Dichos informes permitirían a cada Jefe de Agencia, realizar una verdadera
gestión de sus operaciones y conocer además el costo de sus operaciones.
c) Utilizar a nivel de Agencia para los recursos del nuevo proyecto,
al beneficiario como el elemento base y no las operaciones de préstamo
con cada línea de crédito como ha ocurrido hasta ahora. De esta manera,
se consolidarían las diversas operaciones de cada sujeto, permitiendo
así conocer con exactitud el número de beneficiarios y las características
de sus créditos y débitos.
En relación al reglamento de crédito, se recomienda con base
en la experiencia del préstamo 163-ES, que se considere la posibilidad
de utilizar como criterio de elegibilidad de los prestarios, el activo
neto del prestatario y no el ingreso neto. El uso del activo neto
facilitaría el trabajo del Banco, que ya de todas maneras aplica este
criterio en sus solicitudes de préstamo, y además permite obtener información
más fidedigna sobre la situación económica del beneficiario.
Finalmente, con respecto al sistema de información, es necesario
hacer modificaciones importantes al sistema de información gerencial (SIG)
en cuanto al tipo de reportes que genera. La información que se necesita
para la gestión efectiva del componente de crédito ya se recolecta en
su gran mayoría, requiriéndose sólo incorporar pocas variables.
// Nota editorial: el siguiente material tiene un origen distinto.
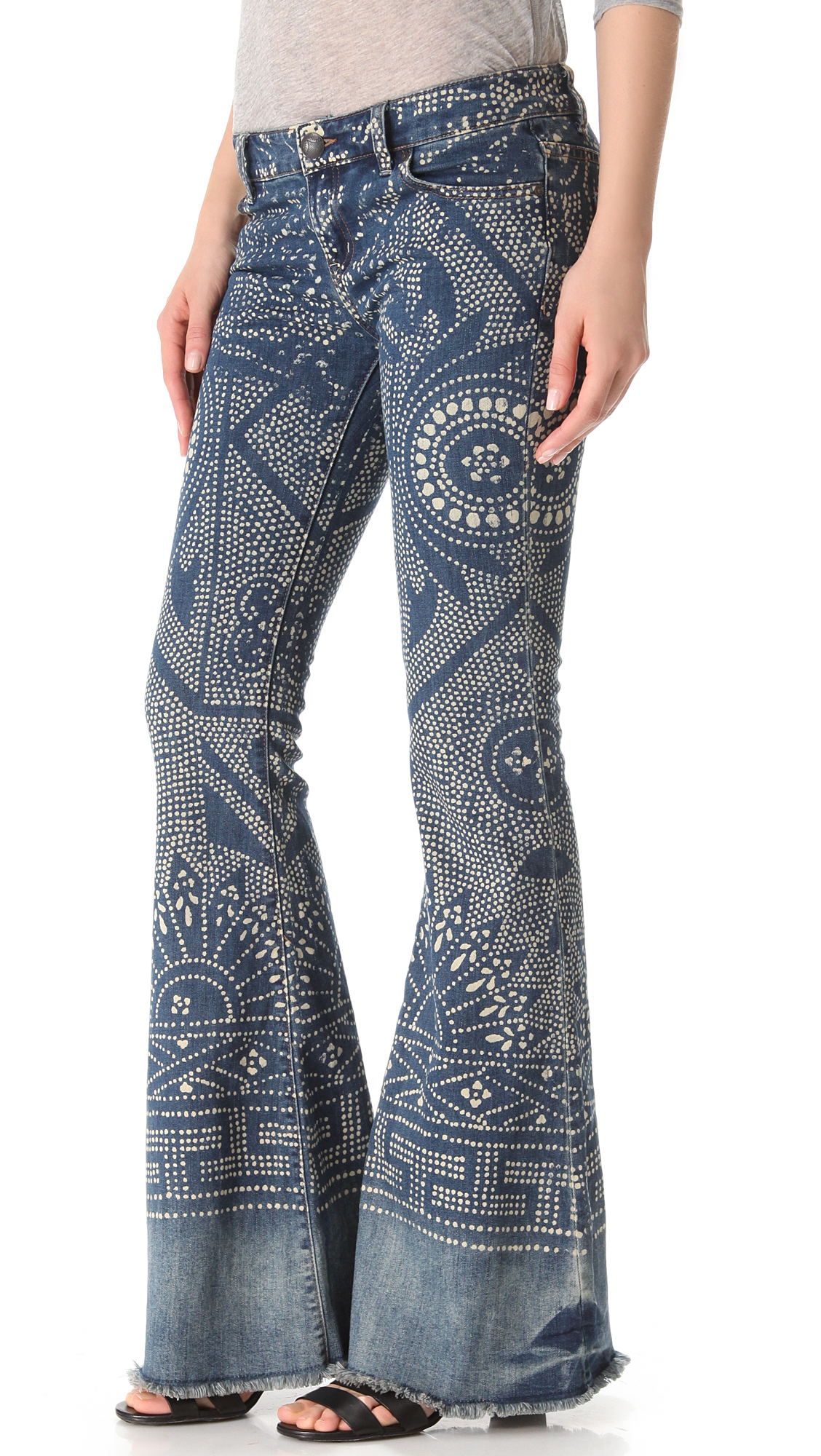 printed flared jeans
Sin embargo,
es necesario hacer un cambio importante en el SIG para que sea verdaderamente
útil para el nuevo proyecto en cuanto a:
(a) generar información de los créditos con base en reportes que contengan
los datos básicos y los presente en forma que facilite su comprensión
y uso. Para tal propósito, este informe presenta una serie de cuadros
que cumplen dicho propósito (Anexo 5);
(b) generar la información a nivel de las tres agencias participantes,
agregándole éstas luego para su envío a la Unidad Ejecutora del Proyecto,
a la sede del BFA y a la institución cooperante. Esto fortalecería el
desarrollo de las agencias, dentro del espíritu de alcanzar una mayor
descentralización de actividades como lo ha manifestado el propio BFA.
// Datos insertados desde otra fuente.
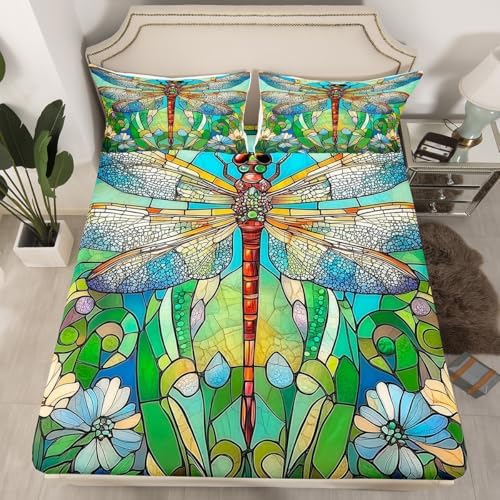 Jejeloiu Dragonfly Kids Bed Sheet Set Twin Size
(c) Producir los reportes en forma periódica de acuerdo con los requerimientos
de las agencias para efectos del seguimiento del proyecto pudiendo estos
ser en algunos casos semanales y en otros mensuales. El resumen de los
informes de las tres agencias para efectos de supervisión del avance,
podría ser trimestral.
Por la experiencia obtenida en cuanto a la evaluación de resultados
con el proyecto 163-ES, se recomienda que el diseño de la metodología
de evaluación y su eventual puesta en práctica, sea encomendada a la unidad
especializada en este tipo de actividades adscrita a la Oficina Sectorial
de Planificaciones Agropecuarios (OSPA), la cual contará con asesoría
ya acordada para tal propósito de la Unidad Regional de Asistencia Técnica
(RUTA), proyecto conjunto de PNUD, BIRF y FIDA.